O presidente do Brasil, Jair Bolsonaro, de extrema-direita, negou esta quinta-feira ter comemorado em 2019 a libertação do ex-presidente Luiz Inácio Lula da Silva, como afirmou também na quinta o seu antigo ministro da Justiça, Sérgio Moro, durante uma entrevista.

"Esse é um tema do qual não queria falar aqui porque envolve um ex-ministro, mas este tipo (Moro) está a mentir descaradamente", assegurou Bolsonaro durante a transmissão em direto que faz semanalmente nas redes sociais.

De acordo com as declarações de Moro, Bolsonaro achava que seria beneficiado com a saída de Lula da prisão.

"O que sabíamos é que o (palácio presidencial) Planalto, o presidente comemorou quando Lula foi solto em 2019 porque ele entendia que isso o beneficiava", assinalou o ex-juiz numa entrevista à rádio Jovem Pam.

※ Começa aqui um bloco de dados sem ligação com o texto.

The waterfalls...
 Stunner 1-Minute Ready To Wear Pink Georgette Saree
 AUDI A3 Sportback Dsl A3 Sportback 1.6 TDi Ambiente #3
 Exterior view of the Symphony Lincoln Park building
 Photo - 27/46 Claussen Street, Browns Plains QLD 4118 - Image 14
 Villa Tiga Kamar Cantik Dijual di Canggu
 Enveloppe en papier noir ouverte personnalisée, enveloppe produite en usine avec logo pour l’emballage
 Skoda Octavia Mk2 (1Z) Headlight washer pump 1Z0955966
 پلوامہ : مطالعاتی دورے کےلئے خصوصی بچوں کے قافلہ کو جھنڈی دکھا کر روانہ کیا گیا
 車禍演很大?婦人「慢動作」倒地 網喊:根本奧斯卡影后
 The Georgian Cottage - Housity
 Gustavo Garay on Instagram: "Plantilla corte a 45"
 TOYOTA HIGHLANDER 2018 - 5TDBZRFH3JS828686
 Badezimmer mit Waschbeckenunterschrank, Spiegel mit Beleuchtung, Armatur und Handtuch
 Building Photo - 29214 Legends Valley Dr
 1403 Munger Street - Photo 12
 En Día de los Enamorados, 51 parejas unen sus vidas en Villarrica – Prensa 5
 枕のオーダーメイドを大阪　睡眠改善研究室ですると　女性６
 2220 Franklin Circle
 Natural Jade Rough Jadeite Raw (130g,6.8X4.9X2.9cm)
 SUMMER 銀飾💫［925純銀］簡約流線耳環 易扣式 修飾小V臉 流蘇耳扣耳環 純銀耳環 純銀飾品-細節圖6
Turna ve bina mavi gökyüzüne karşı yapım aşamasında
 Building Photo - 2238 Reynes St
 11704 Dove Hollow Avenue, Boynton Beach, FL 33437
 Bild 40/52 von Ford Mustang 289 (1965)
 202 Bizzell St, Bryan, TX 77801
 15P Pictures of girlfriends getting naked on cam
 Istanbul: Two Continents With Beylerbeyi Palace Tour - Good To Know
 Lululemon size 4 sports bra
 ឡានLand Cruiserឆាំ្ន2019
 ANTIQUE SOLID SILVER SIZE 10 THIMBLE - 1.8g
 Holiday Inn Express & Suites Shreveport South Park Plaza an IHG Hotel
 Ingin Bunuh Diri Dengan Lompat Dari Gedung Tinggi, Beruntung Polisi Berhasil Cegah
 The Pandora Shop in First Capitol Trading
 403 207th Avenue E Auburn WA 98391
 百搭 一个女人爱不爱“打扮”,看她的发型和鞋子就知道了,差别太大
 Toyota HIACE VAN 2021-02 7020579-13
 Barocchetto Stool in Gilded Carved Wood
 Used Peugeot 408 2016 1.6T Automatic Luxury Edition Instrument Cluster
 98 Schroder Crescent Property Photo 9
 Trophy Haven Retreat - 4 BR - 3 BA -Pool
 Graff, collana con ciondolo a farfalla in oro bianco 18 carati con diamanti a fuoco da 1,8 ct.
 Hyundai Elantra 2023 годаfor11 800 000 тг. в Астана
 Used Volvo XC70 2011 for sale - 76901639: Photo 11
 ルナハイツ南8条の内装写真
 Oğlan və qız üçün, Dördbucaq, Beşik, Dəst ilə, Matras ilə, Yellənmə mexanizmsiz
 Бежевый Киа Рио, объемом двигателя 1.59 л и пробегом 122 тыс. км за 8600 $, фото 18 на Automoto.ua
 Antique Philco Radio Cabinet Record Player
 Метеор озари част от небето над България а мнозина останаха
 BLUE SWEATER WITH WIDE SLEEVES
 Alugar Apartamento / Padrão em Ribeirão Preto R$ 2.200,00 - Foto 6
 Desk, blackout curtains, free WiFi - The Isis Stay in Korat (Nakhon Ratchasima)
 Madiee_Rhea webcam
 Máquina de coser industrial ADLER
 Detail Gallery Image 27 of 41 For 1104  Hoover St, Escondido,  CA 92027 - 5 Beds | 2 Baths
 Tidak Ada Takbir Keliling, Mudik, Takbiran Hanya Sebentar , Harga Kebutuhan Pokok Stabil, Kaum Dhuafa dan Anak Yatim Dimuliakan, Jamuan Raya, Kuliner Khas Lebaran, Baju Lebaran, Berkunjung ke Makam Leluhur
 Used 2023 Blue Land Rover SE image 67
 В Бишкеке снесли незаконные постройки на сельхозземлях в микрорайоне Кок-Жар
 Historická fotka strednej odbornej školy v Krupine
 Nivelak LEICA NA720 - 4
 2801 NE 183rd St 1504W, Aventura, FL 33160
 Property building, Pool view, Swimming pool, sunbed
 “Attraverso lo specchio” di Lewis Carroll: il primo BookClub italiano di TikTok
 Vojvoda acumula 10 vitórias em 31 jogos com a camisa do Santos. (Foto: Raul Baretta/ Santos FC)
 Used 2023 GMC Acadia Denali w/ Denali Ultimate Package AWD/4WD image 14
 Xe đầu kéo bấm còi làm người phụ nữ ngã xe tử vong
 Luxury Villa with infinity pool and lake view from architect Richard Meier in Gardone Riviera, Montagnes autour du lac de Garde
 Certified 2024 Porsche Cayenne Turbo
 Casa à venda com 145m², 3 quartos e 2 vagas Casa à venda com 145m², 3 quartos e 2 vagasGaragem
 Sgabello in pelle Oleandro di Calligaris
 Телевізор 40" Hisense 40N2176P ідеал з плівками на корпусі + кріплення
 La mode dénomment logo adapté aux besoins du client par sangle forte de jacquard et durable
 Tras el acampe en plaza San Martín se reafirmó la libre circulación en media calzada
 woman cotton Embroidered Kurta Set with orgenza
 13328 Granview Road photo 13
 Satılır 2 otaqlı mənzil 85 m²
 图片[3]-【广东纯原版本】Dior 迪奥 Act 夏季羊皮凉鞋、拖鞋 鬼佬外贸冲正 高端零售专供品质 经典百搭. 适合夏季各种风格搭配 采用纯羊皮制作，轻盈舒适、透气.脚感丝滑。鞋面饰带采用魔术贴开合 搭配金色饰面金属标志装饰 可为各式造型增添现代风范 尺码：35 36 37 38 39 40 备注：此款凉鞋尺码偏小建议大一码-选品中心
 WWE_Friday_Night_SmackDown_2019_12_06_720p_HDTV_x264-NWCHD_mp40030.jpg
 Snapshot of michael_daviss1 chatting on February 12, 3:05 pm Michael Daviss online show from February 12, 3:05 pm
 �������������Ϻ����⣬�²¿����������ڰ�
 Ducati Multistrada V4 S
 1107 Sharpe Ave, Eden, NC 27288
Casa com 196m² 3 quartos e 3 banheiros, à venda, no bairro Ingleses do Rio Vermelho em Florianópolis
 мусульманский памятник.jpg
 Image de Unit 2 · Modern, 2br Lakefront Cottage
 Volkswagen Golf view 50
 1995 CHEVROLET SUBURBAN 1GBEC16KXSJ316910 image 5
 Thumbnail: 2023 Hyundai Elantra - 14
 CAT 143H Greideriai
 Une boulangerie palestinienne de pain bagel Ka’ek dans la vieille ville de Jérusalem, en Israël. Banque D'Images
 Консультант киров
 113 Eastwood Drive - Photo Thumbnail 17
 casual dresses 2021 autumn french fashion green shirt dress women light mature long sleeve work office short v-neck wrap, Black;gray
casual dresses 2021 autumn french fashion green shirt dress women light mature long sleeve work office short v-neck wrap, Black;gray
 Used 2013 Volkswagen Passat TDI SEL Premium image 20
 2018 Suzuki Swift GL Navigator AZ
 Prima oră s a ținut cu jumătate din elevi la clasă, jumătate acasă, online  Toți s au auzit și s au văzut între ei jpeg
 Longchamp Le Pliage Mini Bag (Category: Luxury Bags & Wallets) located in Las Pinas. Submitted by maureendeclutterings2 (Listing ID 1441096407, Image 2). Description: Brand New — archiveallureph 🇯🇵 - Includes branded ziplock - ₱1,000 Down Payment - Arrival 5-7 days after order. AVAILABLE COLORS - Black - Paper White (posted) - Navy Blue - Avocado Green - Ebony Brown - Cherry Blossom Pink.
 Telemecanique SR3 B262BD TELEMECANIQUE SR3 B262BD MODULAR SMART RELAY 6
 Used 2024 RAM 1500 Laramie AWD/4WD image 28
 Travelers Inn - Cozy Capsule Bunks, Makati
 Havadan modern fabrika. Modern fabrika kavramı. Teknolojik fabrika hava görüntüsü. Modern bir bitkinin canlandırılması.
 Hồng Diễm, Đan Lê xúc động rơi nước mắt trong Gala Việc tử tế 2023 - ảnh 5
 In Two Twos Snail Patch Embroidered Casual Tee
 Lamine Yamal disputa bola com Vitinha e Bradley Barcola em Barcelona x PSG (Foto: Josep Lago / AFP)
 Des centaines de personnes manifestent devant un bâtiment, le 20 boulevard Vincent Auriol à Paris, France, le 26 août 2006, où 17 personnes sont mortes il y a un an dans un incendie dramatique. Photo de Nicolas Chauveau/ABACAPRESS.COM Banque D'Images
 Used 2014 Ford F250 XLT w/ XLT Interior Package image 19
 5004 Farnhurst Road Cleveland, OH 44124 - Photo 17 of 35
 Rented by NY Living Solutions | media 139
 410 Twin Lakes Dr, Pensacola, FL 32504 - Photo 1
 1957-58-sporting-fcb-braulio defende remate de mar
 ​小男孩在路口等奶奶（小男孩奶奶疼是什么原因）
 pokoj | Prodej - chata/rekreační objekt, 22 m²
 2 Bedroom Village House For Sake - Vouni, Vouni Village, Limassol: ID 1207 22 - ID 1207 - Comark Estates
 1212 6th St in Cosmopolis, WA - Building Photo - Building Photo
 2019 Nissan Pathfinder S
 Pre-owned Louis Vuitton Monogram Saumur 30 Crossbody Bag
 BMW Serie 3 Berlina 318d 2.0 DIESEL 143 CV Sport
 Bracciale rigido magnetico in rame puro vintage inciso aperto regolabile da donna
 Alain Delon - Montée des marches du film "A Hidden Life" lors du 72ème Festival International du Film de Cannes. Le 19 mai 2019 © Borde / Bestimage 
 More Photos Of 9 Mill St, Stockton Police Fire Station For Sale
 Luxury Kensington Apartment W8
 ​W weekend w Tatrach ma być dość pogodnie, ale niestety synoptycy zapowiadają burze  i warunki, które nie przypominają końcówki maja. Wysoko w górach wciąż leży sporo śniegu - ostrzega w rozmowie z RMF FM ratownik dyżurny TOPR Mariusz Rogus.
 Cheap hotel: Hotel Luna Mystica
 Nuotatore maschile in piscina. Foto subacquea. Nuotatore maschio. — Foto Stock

Lula, que passou 580 dias atrás das grades depois de ser condenado em segunda instância pelo então juiz Moro, que o condenou por corrupção, ficou livre em novembro de 2019 graças a uma decisão do Supremo Tribunal.

O antigo juiz, reconhecido mundialmente pela operação Lava Jato, que colocou políticos e executivos do Brasil na prisão por esquemas de corrupção na Petrobras, abandonou a magistratura para se aliar ao Governo de Bolsonaro, com quem saiu em maus termos no ano passado, acusando-o de ter vacilado na luta contra a corrupção.

O ex-juiz, sobre quem o Supremo Tribunal declarou que atuou de forma "parcial" ao julgar Lula, entrou na corrida política e é visto como o candidato presidencial que pode romper a polarização representada por Lula e Bolsonaro para as eleições de 2022.